[Caption-style text data]

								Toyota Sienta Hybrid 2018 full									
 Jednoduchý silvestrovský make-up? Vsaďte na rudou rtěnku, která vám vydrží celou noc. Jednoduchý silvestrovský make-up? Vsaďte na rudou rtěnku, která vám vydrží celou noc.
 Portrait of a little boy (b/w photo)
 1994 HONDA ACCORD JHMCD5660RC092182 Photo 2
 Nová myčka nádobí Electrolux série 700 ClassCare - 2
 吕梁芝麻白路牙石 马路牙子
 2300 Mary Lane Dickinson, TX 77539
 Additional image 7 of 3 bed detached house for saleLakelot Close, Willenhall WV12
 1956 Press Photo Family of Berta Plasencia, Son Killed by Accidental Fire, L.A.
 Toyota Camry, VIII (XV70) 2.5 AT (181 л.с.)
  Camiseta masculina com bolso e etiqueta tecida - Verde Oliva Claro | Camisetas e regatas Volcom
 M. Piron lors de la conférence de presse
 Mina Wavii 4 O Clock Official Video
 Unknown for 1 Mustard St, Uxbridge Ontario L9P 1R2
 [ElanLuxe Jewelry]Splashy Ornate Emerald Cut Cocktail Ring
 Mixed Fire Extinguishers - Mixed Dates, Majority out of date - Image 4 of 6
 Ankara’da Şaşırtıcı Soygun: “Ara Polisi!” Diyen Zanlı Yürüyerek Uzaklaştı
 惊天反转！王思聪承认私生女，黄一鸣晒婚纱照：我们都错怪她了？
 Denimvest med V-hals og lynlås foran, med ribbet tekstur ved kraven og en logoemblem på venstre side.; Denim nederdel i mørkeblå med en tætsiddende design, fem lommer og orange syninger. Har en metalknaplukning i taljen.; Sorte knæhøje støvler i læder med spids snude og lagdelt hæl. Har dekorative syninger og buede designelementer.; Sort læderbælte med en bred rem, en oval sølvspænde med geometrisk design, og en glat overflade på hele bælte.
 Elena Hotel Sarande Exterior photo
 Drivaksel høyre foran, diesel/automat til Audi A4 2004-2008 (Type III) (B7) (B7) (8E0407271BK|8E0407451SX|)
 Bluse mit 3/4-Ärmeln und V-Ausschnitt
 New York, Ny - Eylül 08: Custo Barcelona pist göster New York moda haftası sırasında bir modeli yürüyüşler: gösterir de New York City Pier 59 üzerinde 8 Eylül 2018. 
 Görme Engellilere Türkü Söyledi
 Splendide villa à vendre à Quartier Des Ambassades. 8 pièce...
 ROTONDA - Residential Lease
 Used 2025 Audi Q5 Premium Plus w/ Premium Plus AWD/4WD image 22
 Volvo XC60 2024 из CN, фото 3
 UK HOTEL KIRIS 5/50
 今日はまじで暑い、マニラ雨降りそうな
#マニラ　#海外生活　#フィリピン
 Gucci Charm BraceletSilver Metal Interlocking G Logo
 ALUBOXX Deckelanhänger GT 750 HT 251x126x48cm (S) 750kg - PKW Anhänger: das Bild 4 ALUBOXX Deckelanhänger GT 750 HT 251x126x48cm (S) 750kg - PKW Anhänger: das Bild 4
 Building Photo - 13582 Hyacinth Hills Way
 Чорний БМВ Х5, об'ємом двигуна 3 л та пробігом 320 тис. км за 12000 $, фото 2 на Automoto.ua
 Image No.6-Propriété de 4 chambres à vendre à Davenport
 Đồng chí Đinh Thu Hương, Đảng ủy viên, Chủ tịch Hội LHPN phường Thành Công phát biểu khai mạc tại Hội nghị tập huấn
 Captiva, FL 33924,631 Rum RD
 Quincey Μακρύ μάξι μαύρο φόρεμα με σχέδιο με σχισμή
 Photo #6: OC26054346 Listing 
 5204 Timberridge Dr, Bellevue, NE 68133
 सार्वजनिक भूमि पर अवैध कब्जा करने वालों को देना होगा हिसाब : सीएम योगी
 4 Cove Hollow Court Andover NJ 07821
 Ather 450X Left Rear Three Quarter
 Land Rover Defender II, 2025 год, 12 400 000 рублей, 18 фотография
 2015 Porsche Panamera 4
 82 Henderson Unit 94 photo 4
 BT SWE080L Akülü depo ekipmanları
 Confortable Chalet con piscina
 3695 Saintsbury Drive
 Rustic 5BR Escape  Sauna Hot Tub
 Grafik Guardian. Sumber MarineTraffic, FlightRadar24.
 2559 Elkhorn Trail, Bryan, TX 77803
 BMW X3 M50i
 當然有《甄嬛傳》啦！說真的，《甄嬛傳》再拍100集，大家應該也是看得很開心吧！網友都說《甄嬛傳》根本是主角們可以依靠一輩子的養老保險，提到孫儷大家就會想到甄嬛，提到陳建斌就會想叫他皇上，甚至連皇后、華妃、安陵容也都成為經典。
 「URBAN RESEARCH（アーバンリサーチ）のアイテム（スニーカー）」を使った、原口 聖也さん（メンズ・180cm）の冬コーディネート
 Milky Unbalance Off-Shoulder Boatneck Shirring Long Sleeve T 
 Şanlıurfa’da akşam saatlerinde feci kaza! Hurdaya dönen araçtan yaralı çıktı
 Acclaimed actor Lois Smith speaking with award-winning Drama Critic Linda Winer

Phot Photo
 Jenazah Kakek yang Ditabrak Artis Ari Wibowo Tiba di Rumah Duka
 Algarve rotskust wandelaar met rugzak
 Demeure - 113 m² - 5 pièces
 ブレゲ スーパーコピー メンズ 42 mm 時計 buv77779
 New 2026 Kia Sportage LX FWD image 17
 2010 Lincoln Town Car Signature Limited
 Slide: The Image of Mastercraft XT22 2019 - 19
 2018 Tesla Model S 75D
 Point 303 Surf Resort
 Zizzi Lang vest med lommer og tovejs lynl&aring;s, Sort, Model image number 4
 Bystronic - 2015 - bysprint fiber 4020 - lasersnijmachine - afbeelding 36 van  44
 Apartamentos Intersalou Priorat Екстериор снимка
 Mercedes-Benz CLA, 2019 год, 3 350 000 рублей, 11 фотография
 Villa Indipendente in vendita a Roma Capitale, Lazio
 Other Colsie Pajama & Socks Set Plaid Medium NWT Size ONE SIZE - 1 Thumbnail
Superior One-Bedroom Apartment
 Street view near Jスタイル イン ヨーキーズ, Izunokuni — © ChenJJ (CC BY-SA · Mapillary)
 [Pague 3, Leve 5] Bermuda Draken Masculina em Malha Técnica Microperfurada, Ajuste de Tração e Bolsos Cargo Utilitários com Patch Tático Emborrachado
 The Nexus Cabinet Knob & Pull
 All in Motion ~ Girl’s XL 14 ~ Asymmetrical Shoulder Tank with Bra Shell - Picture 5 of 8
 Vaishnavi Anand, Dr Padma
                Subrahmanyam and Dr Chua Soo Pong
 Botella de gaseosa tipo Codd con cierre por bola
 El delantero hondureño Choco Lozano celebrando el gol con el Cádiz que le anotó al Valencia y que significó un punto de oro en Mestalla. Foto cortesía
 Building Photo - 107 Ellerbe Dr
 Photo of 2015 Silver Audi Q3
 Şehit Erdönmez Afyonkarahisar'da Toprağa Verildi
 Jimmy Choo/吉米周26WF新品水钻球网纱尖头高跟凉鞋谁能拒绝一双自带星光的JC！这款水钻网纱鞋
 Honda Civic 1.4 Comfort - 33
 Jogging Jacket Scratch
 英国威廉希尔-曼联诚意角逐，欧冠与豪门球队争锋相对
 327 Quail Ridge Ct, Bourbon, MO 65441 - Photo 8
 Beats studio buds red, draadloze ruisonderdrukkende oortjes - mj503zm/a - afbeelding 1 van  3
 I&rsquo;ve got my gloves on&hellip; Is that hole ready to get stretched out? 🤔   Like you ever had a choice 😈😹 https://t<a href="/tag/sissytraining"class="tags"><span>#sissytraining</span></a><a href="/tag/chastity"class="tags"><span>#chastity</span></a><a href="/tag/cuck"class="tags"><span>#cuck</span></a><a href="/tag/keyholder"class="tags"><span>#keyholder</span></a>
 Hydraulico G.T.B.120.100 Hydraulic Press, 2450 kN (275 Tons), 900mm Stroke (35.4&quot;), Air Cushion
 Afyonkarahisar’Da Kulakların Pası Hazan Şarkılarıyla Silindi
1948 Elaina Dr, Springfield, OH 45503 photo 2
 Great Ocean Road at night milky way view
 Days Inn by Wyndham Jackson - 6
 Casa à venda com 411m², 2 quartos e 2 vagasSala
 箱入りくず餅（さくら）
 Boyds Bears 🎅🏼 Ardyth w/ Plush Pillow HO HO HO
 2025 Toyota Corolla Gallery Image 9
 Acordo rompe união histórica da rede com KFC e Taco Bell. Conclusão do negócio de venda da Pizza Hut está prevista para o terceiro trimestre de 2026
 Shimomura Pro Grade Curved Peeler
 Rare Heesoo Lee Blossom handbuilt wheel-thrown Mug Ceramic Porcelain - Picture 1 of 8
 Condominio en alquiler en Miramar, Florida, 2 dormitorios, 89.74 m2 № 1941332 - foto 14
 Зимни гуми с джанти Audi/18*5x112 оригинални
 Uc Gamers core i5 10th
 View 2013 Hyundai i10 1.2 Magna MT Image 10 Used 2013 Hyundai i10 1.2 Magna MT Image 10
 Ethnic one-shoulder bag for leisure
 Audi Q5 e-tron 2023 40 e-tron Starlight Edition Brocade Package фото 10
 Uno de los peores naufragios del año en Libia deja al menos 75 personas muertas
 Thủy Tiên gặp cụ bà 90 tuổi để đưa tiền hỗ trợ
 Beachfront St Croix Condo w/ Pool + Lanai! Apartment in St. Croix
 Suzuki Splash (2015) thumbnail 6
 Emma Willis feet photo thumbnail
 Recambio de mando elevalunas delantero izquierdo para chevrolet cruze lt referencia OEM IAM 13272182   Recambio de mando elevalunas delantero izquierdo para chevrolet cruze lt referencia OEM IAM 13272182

### Task to complete
Lines with the word "lommer": copy each one from the data above.

### Answer for the task
 Denimvest med V-hals og lynlås foran, med ribbet tekstur ved kraven og en logoemblem på venstre side.; Denim nederdel i mørkeblå med en tætsiddende design, fem lommer og orange syninger. Har en metalknaplukning i taljen.; Sorte knæhøje støvler i læder med spids snude og lagdelt hæl. Har dekorative syninger og buede designelementer.; Sort læderbælte med en bred rem, en oval sølvspænde med geometrisk design, og en glat overflade på hele bælte.
 Zizzi Lang vest med lommer og tovejs lynl&aring;s, Sort, Model image number 4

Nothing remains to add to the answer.